Bankalar 'Maaşı bize yatırın' diye 2 katrilyonluk promosyon yapıyor
Geçtiğimiz yıl Maliye Bakanlığı tarafından, 1 yıllık memur maaşı karşılığı olarak 28.3 katrilyon, 1 yıllık işçi maaş karşılığı olarak 4.423 katrilyon olmak üzere toplam 32.723 katrilyon lira ödendi. Söz konusu maaşlar her ayın 14. günü anlaşmalı bankalara yatırıldı. Uygulamada, bankaların, kendileriyle sözleşme yapması karşılığında kurumlara yıllık maaş toplamlarının ortalama yüzde 5'i ile yüzde 7'si arasında bir tutarı promosyon olarak ödediği belirtiliyor. Promosyon, zaman zaman bağış adı altında da yapılıyor. Bu yaklaşımla bankalar tarafından kurumlara ödenen promosyon tutarının ortalama yıllık 1.6 ile 2.3 katrilyon lira arasında değiştiği tahmin ediliyor.

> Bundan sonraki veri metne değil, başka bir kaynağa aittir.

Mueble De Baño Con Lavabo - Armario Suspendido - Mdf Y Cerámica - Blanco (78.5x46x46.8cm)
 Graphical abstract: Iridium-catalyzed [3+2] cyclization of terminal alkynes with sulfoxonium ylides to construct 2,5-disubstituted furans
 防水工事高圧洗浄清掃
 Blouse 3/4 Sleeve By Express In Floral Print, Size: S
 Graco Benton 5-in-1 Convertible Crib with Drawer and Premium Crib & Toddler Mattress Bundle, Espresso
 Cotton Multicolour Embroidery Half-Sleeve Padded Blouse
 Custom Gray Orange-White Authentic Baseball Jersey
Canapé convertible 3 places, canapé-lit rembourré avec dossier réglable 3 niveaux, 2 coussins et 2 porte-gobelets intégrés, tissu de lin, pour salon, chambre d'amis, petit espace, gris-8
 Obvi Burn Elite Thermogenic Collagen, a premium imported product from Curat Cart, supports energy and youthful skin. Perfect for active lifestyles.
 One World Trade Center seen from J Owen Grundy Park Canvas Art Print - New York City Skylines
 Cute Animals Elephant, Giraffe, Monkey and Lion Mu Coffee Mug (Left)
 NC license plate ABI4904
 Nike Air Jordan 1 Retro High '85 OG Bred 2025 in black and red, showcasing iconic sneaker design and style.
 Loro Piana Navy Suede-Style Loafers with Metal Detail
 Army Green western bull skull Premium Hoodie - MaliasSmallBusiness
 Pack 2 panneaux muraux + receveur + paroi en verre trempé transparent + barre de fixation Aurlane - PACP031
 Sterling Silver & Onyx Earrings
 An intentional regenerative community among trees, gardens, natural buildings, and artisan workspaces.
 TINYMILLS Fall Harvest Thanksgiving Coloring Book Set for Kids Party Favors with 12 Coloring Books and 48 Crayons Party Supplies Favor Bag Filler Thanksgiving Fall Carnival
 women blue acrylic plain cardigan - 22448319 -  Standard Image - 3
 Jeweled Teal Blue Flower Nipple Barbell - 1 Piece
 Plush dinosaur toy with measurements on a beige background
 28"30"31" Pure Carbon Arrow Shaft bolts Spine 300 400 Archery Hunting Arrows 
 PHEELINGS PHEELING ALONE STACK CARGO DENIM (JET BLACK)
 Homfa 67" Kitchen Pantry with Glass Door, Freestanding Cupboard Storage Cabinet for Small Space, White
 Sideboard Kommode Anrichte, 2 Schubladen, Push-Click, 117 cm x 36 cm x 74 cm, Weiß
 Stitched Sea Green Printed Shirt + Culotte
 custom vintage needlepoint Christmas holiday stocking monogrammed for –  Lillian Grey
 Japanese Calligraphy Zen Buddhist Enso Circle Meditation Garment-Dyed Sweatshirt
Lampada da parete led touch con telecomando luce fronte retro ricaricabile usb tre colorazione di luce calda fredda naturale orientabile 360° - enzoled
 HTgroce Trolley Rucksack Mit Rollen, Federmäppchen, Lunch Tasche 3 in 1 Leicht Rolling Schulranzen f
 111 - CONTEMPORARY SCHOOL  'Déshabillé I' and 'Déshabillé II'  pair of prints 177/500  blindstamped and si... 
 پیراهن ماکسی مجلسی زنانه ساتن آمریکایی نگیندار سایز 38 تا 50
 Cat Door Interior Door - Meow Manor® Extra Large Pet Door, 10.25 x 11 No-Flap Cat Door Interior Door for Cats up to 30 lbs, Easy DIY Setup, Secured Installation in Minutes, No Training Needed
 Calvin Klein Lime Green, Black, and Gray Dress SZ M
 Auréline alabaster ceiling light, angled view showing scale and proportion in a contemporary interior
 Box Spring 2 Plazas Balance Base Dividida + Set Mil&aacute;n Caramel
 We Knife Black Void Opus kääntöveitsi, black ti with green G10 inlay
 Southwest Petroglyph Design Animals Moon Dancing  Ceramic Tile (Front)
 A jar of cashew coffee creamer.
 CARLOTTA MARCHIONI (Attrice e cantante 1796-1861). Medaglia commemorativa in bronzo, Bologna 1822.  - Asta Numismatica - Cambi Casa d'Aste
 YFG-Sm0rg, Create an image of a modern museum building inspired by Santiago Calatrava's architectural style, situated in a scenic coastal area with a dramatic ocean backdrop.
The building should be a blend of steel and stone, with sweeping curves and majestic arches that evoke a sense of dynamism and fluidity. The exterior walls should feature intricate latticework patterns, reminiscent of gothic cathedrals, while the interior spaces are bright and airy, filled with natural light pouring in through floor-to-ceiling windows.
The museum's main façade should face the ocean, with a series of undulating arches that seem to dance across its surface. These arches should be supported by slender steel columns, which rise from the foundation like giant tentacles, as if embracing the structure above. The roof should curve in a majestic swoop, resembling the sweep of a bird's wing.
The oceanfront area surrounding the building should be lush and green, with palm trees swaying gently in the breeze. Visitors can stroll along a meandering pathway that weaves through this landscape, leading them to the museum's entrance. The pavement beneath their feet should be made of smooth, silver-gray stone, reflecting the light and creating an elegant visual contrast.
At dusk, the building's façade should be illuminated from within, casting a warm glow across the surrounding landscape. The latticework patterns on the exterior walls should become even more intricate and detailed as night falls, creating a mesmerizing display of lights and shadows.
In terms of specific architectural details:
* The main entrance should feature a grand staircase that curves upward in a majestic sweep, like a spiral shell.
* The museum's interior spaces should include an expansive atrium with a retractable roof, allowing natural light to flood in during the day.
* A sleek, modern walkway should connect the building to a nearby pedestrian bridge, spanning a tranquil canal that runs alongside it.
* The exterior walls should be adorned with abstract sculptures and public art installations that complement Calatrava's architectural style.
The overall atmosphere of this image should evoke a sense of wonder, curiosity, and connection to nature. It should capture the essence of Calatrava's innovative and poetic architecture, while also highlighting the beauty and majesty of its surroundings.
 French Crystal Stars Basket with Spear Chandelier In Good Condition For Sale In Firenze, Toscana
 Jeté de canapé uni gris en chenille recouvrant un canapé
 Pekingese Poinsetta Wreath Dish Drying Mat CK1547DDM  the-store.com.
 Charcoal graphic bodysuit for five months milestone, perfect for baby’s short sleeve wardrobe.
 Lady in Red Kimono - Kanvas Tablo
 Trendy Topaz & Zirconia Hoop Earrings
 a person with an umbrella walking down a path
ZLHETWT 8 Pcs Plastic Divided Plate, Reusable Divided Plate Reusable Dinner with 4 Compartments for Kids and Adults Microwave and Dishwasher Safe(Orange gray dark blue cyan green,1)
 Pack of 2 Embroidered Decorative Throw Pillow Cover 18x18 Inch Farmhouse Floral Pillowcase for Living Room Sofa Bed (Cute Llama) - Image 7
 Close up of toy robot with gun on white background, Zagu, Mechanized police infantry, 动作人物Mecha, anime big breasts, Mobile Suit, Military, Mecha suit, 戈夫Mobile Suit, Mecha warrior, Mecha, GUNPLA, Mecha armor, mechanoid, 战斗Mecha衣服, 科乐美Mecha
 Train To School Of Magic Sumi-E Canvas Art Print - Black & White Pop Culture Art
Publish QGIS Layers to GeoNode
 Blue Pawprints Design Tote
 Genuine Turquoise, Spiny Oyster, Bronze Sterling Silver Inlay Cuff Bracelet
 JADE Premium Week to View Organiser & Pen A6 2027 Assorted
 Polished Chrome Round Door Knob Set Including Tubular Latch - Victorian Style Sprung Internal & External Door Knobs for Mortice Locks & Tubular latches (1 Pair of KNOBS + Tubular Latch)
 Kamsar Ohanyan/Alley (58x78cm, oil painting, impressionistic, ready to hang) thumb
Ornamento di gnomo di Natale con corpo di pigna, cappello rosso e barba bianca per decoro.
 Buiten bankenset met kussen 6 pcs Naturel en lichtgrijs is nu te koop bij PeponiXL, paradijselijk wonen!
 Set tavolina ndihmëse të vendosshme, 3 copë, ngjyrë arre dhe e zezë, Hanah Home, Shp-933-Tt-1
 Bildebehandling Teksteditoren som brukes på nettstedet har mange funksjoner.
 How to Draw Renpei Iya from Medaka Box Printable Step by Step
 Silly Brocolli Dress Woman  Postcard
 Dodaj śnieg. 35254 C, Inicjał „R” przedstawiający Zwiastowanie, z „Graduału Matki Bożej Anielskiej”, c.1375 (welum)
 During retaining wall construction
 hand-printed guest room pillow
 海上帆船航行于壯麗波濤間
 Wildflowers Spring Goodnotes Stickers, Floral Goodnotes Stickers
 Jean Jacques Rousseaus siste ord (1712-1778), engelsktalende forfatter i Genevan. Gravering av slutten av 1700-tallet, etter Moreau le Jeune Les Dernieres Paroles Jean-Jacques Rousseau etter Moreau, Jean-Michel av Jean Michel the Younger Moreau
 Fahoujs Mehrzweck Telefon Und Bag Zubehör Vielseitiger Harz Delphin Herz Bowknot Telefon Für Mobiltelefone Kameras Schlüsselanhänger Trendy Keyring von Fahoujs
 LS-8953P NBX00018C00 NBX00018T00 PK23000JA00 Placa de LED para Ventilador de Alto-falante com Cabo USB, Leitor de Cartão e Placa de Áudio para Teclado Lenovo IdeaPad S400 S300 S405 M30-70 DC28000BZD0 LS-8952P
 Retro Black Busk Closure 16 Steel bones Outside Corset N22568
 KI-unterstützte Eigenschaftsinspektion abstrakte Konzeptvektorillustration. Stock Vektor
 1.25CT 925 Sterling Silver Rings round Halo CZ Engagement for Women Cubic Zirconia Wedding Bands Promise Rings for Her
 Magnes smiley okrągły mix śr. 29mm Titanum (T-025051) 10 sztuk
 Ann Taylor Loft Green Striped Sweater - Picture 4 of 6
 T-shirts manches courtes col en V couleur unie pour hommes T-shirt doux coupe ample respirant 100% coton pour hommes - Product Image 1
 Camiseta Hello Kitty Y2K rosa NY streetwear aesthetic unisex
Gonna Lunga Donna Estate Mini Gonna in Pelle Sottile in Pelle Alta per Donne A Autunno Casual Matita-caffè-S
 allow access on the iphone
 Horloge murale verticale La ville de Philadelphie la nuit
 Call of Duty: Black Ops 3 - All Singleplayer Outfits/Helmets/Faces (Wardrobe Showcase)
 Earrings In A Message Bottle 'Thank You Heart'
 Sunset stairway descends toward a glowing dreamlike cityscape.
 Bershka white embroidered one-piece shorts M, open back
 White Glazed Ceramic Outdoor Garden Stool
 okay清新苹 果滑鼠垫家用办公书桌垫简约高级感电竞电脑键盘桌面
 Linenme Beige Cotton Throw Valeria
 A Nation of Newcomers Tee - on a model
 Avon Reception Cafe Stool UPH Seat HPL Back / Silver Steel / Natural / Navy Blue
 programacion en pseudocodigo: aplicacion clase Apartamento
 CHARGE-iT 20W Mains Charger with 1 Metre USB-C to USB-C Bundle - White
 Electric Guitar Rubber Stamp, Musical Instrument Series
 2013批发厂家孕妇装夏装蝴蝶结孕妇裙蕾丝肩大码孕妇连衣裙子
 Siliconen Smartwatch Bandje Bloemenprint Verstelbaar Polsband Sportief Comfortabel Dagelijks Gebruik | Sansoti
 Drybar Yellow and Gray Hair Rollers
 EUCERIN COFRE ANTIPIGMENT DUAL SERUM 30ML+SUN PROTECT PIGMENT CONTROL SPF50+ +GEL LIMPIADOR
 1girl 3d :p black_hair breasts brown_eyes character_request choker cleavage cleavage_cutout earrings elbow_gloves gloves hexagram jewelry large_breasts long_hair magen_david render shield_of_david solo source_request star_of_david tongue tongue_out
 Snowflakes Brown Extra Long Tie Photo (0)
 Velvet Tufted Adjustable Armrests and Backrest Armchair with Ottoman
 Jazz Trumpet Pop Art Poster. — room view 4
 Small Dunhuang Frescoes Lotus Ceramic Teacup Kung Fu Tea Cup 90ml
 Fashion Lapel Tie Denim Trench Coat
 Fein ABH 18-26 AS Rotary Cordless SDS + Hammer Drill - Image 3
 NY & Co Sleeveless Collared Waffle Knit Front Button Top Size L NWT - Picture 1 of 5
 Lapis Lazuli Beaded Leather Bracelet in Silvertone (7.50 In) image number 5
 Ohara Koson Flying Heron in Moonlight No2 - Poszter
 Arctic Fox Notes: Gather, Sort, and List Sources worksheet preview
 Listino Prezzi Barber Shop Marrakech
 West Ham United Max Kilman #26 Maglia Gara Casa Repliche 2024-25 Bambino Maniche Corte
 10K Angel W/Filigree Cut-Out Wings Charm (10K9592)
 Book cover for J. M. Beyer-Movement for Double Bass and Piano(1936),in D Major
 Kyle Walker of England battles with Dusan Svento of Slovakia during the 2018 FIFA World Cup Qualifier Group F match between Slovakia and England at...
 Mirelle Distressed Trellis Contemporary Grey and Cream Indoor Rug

Yine uygulamada, bankaların ödediği promosyon kurum amirleri tarafından alınıyor ve bir tür "örtülü ödenek" gibi kullanılıyor. Bazıları kurumların ihtiyaçları için kullanılsa da, çoğu kez verimli olmayan, keyfi harcamalara gittiği eleştirileri getiriliyor.